Not so. Social changes are driven by fundamental evolution in our definitions of human dignity. I believe that growing interaction among diverse groups is the driving force—and certainly expanded portrayal of this in the media and the trend toward closer proximity with our fellow man are aspects of this interaction. But I would argue that our society mirrors this change, it does not drive it. “Will and Grace” was not popular because it forced viewers to face down their own fundamental beliefs and change them—that is ridiculous on its face, if you give it more than cursory thought. It was popular because we saw a bit of ourselves in it.

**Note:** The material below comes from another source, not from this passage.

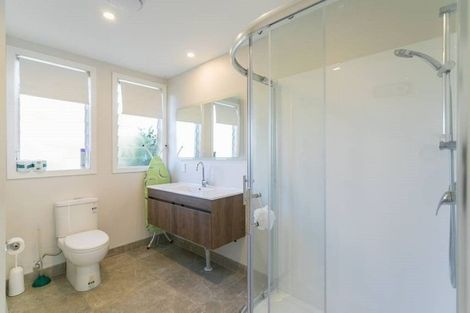 Photo of property in 2/4 Sydney Street, Hauraki, Auckland, 0622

Some will argue that shows like “Will and Grace” legitimize behavior previously considered taboo—it makes young people feel comfortable with a lifestyle that people with “traditional values” consider shameful. Let me say in response that television shows that become ratings leaders, and films that generate millions in box office receipts, are by definition mainstream. We are already comfortable with it.

If mainstream society is changing our military forces must reflect this change. This is true not only because every citizen shares an obligation to our political system, to both protect it from threats and change it when threatening. It is true because if our military establishment does not reflect the social order, it becomes a threat to it. The United States is either based on the idea that “all men (and women) are created equal,” or it isn’t. Our military must either support the dignity of each citizen or it is a threat to that dignity. Resistance to this must be seen as an effort to create a sector of society that depends on an anachronistic social structure. By suggesting that homosexual and women’s equality is not appropriate for military organizations, opponents are trying to preserve a social order they prefer. Worse, this amounts to rejection of gays and women as stakeholders in the state itself.

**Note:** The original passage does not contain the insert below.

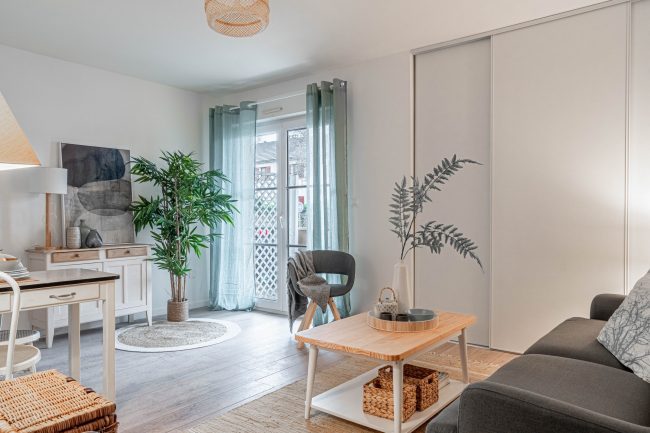 Couverture Studio St Germain les Arpajon après HOMESTAGING DECO FRANCE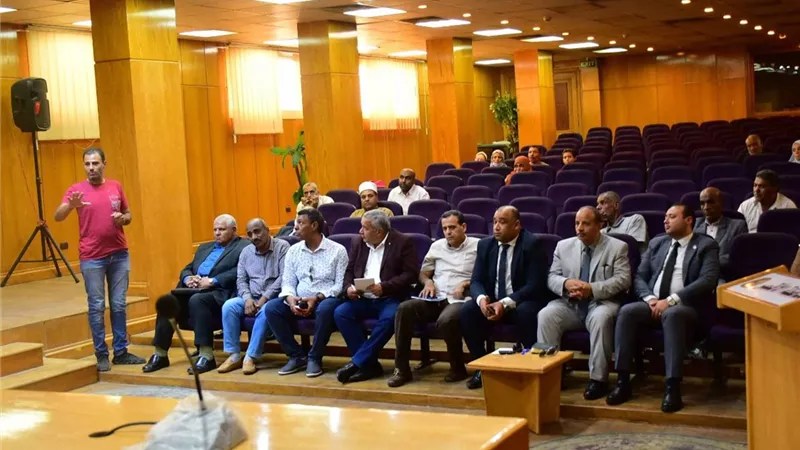 محافظ الاقصر يتلقى شكاوى المواطنين فى اليوم المفتوح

Leaders must understand this, and military leaders instinctively do—this is why they developed and teach a set of core values (ArmyAir ForceNavyMarinesCoast Guard) rooted in the importance of responsibility to the organization and respect for the value and dignity of each individual soldier, regardless of social group. Click on the links and take a look at all the big words in these lists—words like honor, integrity, commitment, and duty. As a former Army NCO and combat unit leader, I see no place in these values for judging or hating others, holding prejudice or discriminating against others, or committing violence against compatriots or fellow citizens.

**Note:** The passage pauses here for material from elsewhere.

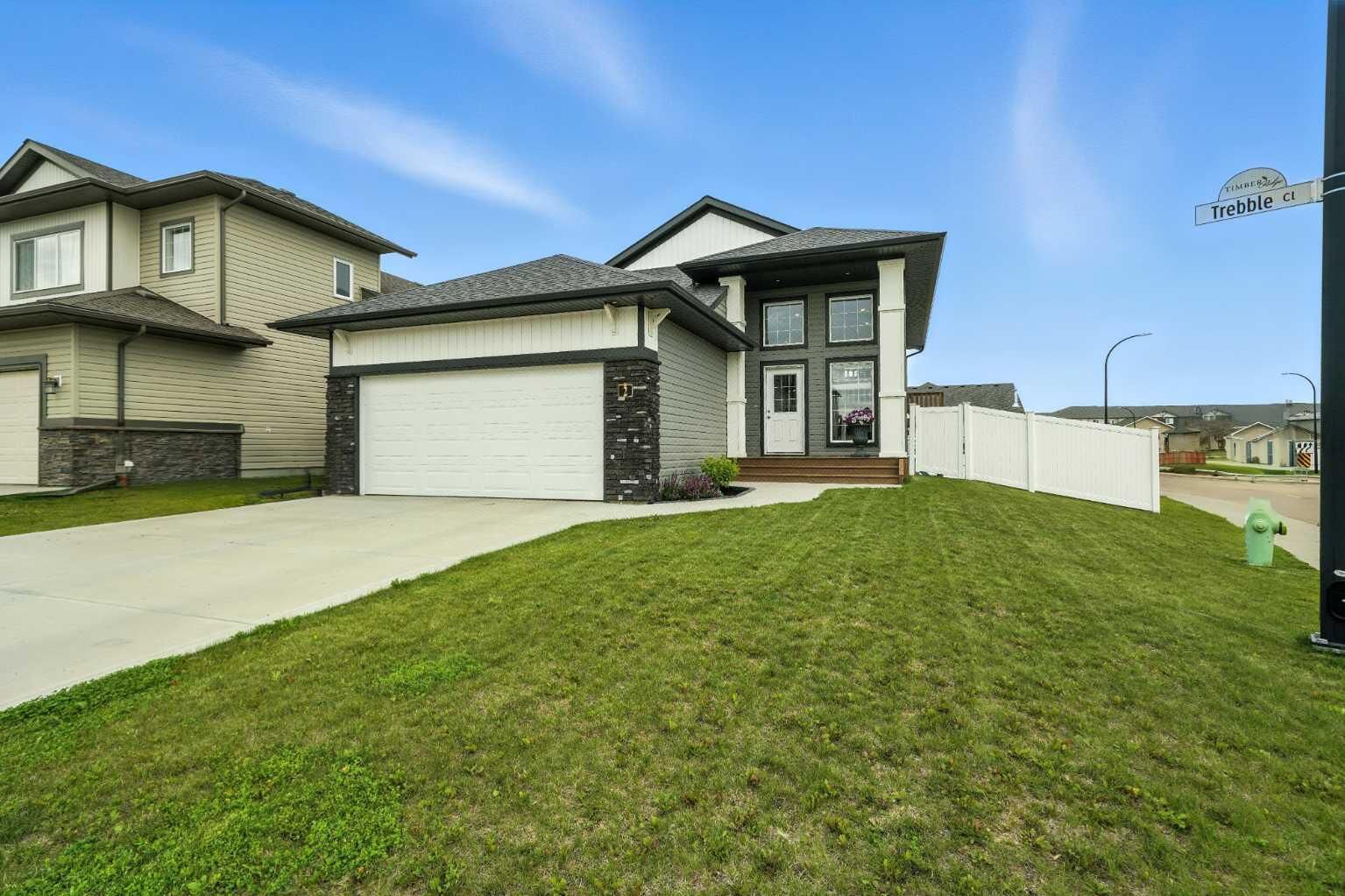 Property Photo: 2 Trebble Close AB T4P 0W6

For good or ill, all of the social forces that interact in civilian society will express themselves no less in military organizations. Leaders who want to avoid social engineering in military organizations should stop taking sides in these debates and think about the health of our national security infrastructure and how best to defend the nation. Maximizing our ability to defend the US requires finding the best qualified citizens who want to serve and placing them where they can best do so. Shutting out entire groups in the name of preserving a preferred social order is not the answer—integrating the diverse mix of qualified recruits into cohesive military units is. This is the job of military leaders, and we should make them complete this mission or find new leaders.